Reputation: 1630
I'm recoding multiple columns in a dataframe and have come across a strange result that I can't quite figure out. I'm probably not recoding in the most efficient manner possible, but it's mostly the error that I'm hoping someone can explain.
s1 = pd.DataFrame([np.nan, '1', '2', '3', '4', '5'], columns=['col1'])
s2 = pd.DataFrame([np.nan, 1, 2, 3, 4, 5], columns=['col1'])

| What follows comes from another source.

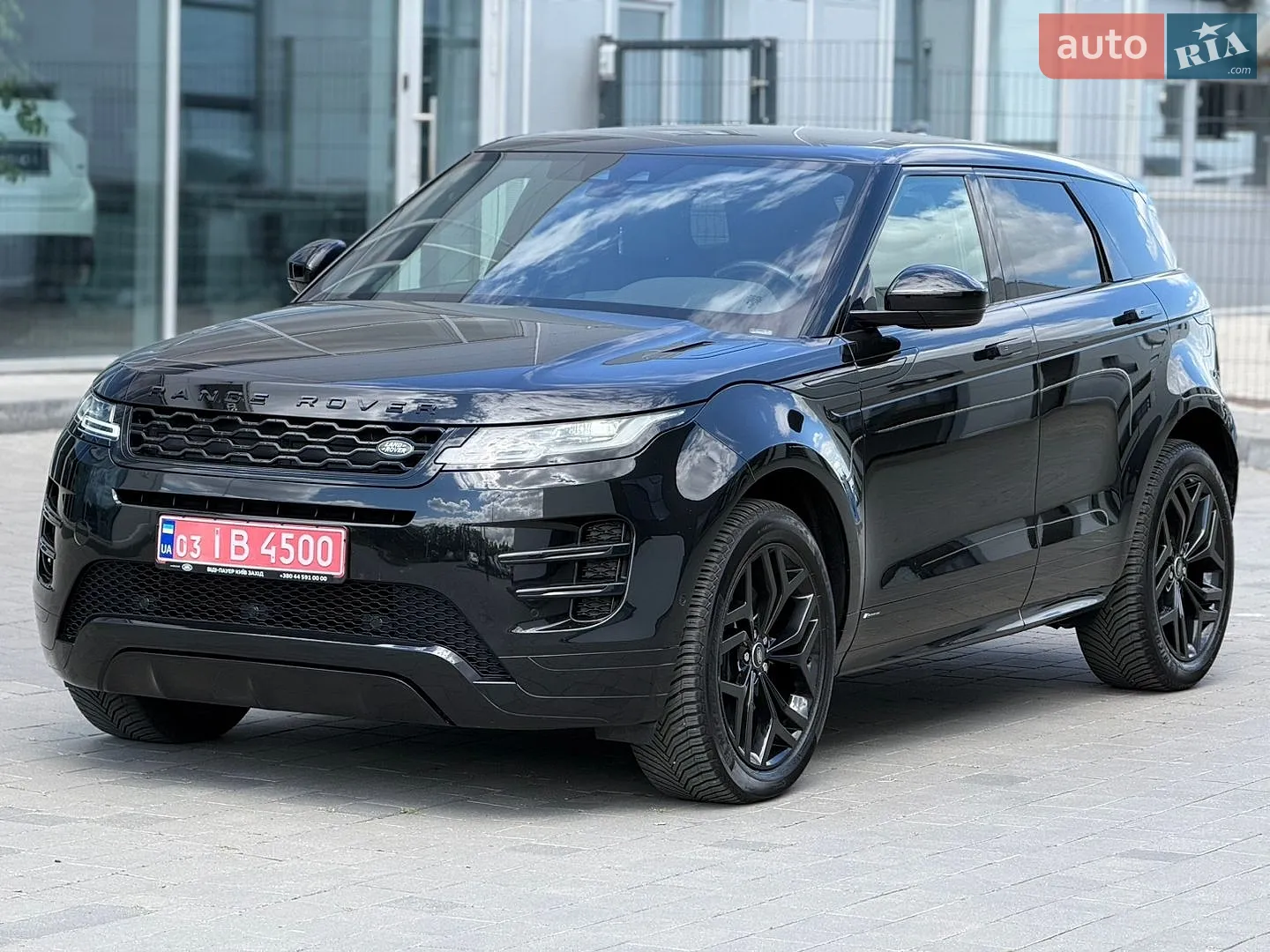 2020 Land Rover Range Rover Evoque - мініатюра 6
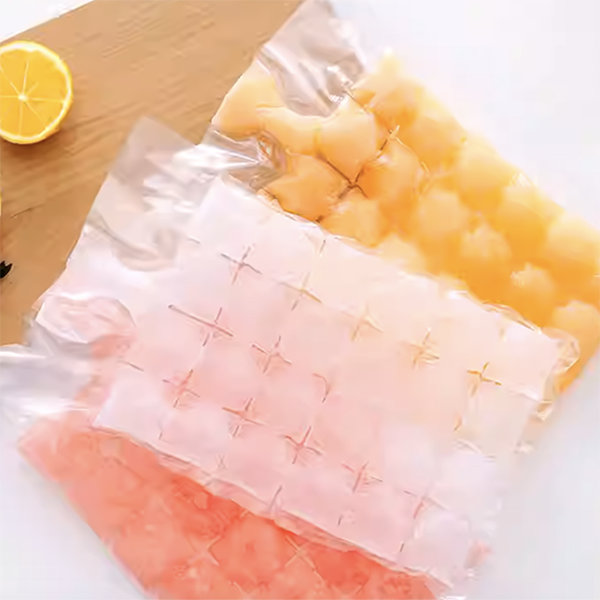 Cithway® 24pc Ice Cube Disposable Freezing Ice Bag Funnel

s1_dic = {np.nan: np.nan, '1': 1, '2':2, '3':3, '4':3, '5':3}
s2_dic = {np.nan: np.nan, 1: 1, 2:2, 3:3, 4:3, 5:3}
s1['col1'].apply(lambda x: s1_dic[x])
s2['col1'].apply(lambda x: s2_dic[x])
s1 works fine, but when I try to do the same thing with a list of integers and a np.nan, I get KeyError: nan
which is confusing. Any help would be appreciated.
Upvotes: 3
Views: 2358
Reputation: 375405
A workaround is to use the get dict method, rather than the lambda:
In [11]: s1['col1'].apply(s1_dic.get)
Out[11]:
0 NaN
1 1
2 2
3 3
4 3
5 3
Name: col1, dtype: float64
In [12]: s2['col1'].apply(s2_dic.get)
Out[12]:
0 NaN
1 1
2 2
3 3
4 3
5 3
Name: col1, dtype: float64
It's not clear to me right now why this is different...
Note: the dicts can be accessed by nan:
In [21]: s1_dic[np.nan]
Out[21]: nan
In [22]: s2_dic[np.nan]
Out[22]: nan
and hash(np.nan) == 0
so it's not that...
Update: Apparently the issue is with np.nan
vs np.float64(np.nan)
, the former has np.nan is np.nan
(because np.nan
is bound to a specific instantiated nan object) whilst float('nan') is not float('nan')
:
This means that get won't find float('nan')
:
In [21]: nans = [float('nan') for _ in range(5)]
In [22]: {f: 1 for f in nans}
Out[22]: {nan: 1, nan: 1, nan: 1, nan: 1, nan: 1}
This means you can actually retrieve the nans from a dict, any such retrieval would be implementation specific! In fact, as the dict uses the id of these nans, this entire behavior above may be implementation specific (if nan shared the same id, as they may do in a REPL/ipython session).
You can catch the nullness beforehand:
In [31]: s2['col1'].apply(lambda x: s2_dic[x] if pd.notnull(x) else x)
Out[31]:
0 NaN
1 1
2 2
3 3
4 3
5 3
Name: col1, dtype: float64
But I think the original suggestion of using .get is a better option.
Upvotes: 2